Giro Manoyan, a senior member of the Armenian Revolutionary Federation (Dashnaktsutyun), said the declaration shows the Sarkisian administration has failed to boost Armenia’s standing in the West despite his policy of rapprochement with Turkey. “The fact is that that standing is not quite high because they just don’t listen to our views,” he told RFE/RL.

Manoyan added that Yerevan should retaliate by formally annulling the Western-backed Turkish-Armenian normalization protocols signed a year ago. “This is yet another occasion for Armenia to withdraw its signature from the protocols with Turkey so that they start treating us seriously in NATO,” he said.

A parliament deputy from Sarkisian’s Republican Party of Armenia (HHK) insisted, meanwhile, that the NATO support for Azerbaijan’s territorial integrity is not a setback for Yerevan. Gagik Melikian argued that both the U.S. and France stand by the Minsk Group’s existing peace plan that upholds the Karabakh Armenians’ right to self-determination.

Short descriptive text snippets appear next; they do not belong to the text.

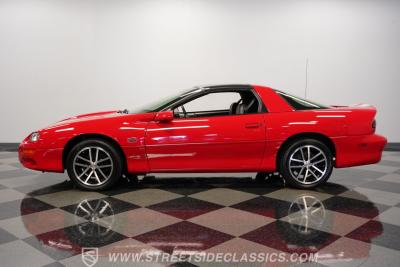 2002 Chevrolet Camaro SS 35th Anniversary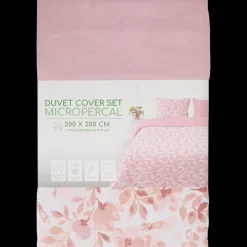 Beddengoed-Comfibeds microvezel dekbedovertrek 200 x 200 cm | Action NL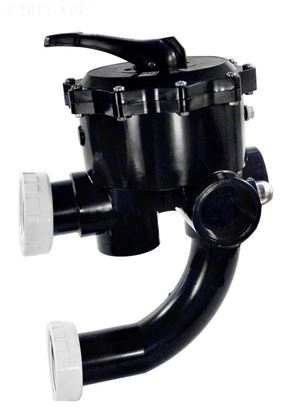 Picture of Starite 2" fpt multiport backwash valve union 182010200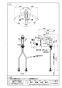 SANEI K8711MEJK-S-13 取扱説明書 商品図面 分解図 シングルワンホール切替シャワー混合栓 商品図面1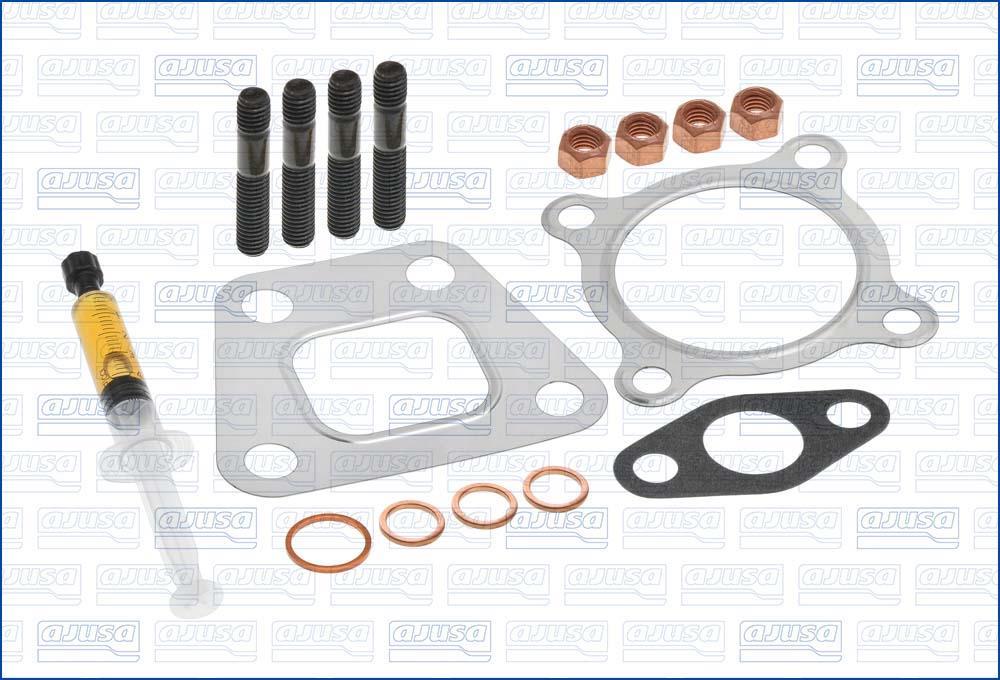 Kit de montage Turbocompresseur AJUSA ref. JTC11002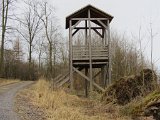 Aussichtsplattform und Schutzhütte Kyrillturm 08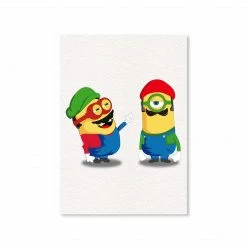 The Banyan Tee Posters Poster - Gamer Min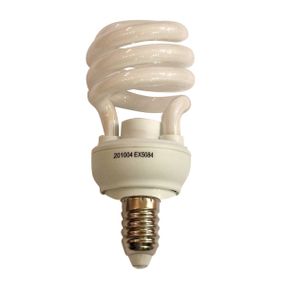 Лампа энергосберегающая E14 T2 Mini Twist 13W 2700K DELUX 230V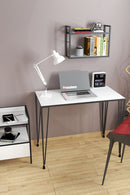 ZEN yemek odası salon sandalyesi - Krem kumaş kadife - Altın metal ayak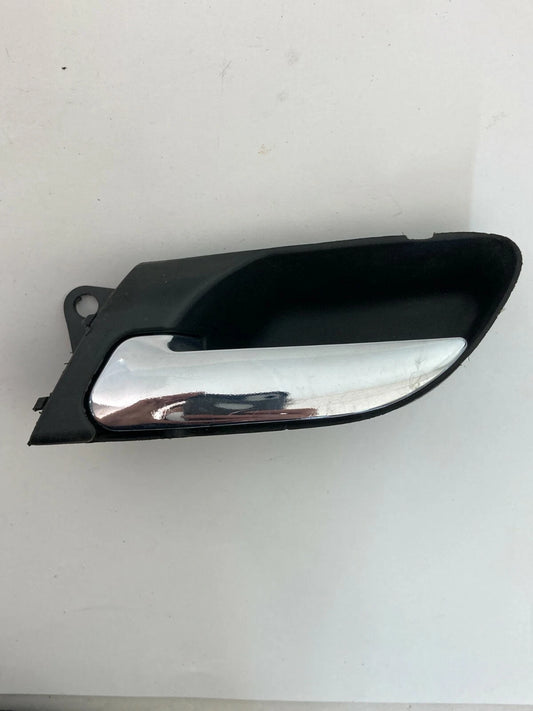 2001-2005 BMW 325I 325XI 330I 330XI SEDAN LEFT INTERIOR INNER DOOR HANDLE OEM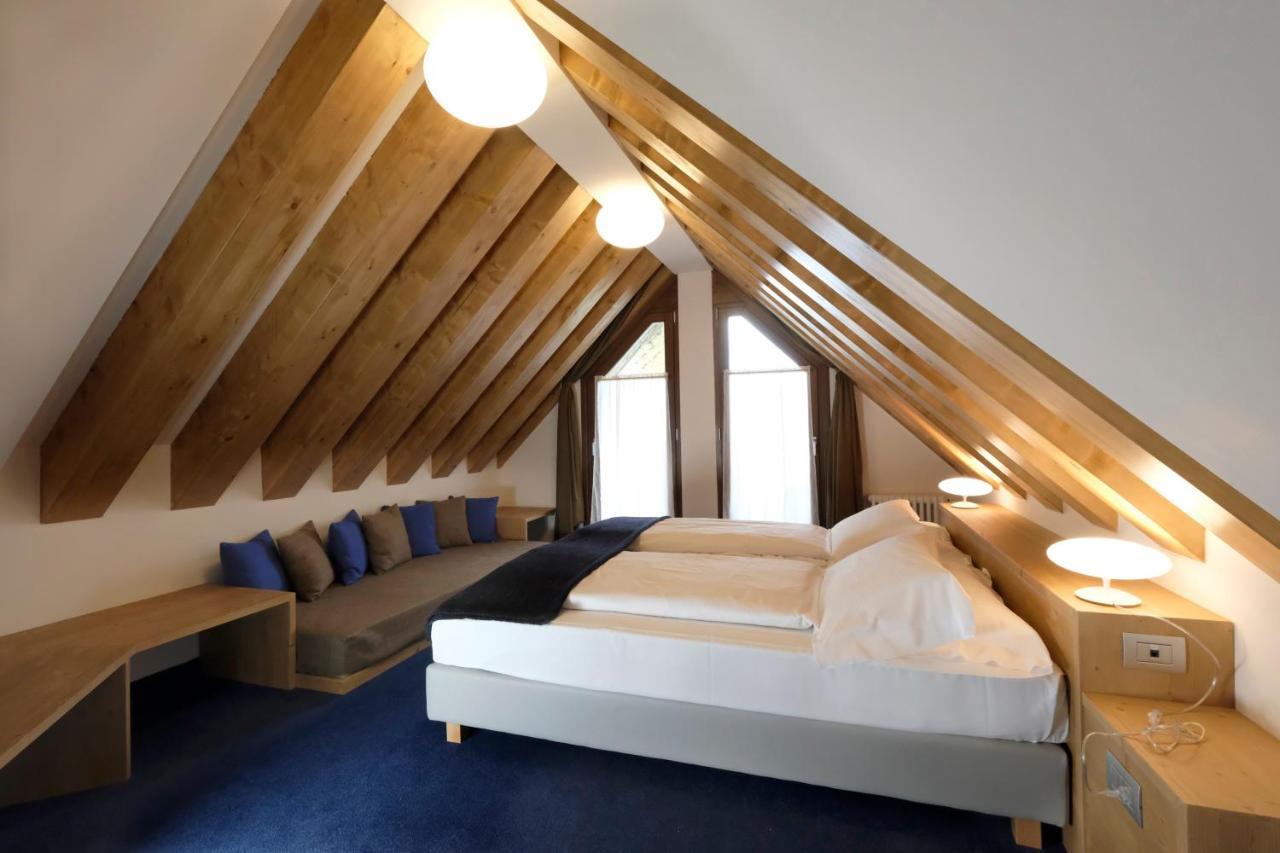 Residence Langes San Martino Di Castrozza Ngoại thất bức ảnh
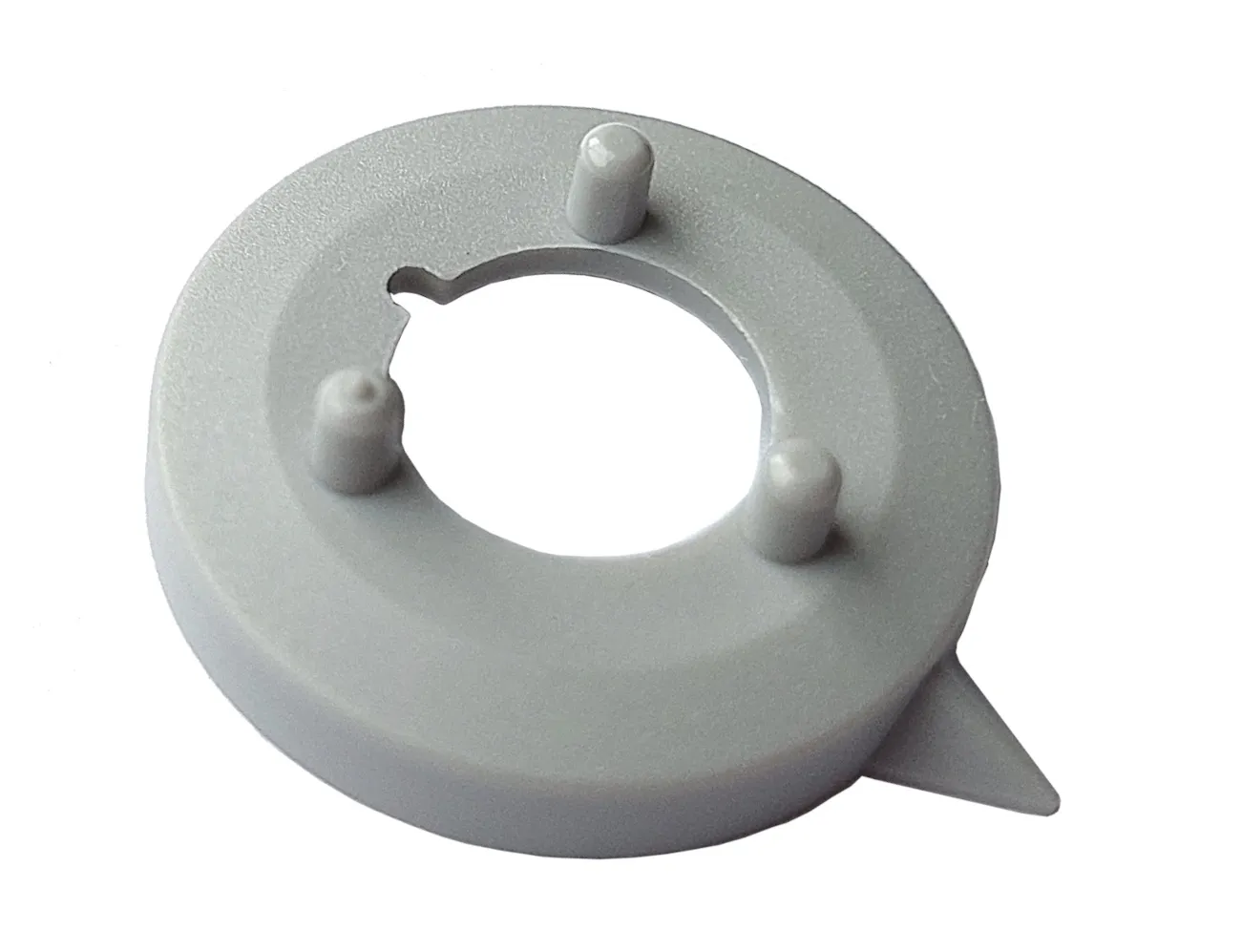 [121589] Nut Cover for 2610xx1 GrÅ med Pil MAT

“I don’t consider this a diplomatic defeat,” Melikian told a news conference on Saturday. “On the contrary, I consider this yet another important and positive step on the path to our diplomatic victory.”

Portugal/Armenia - Foreign Minister Edward Nalbandian (L) meets with his Azerbaijani counterpart Elmar Mammadyarov on the sidelines of NATO summit in Lisbon, 20Nov2010
The two opposition figures disagreed on practical implications of the NATO document. Manoyan suggested that it will not have a “fundamental impact” on the Karabakh peace process, while Karapetian predicted that Baku will toughen its stance ahead of the December 1-2 OSCE summit in Kazakhstan’s capital Astana.

The mediating powers and Russia in particular hope that Sarkisian and Azerbaijan’s President Ilham Aliyev will bridge their differences over the peace formula proposed by the Minsk Group co-chairs in time for the summit.

In an apparent effort to nudge the conflicting parties closer to a long-waited peace deal, Russian Foreign Minister Sergei Lavrov hosted fresh talks between his Armenian and Azerbaijani counterparts in Moscow on Monday. Official sources in the three countries gave no details of the meeting.

Nalbandian and Azerbaijan’s Elmar Mammadyarov already had a brief conversation on the sidelines of the Lisbon summit.